(Given data begins)

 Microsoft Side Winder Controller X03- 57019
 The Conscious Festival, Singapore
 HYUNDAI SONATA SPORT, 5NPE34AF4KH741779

(Given data ends)

** Directions **
Type out the material again exactly as presented.

** Written answer **
 Microsoft Side Winder Controller X03- 57019
 The Conscious Festival, Singapore
 HYUNDAI SONATA SPORT, 5NPE34AF4KH741779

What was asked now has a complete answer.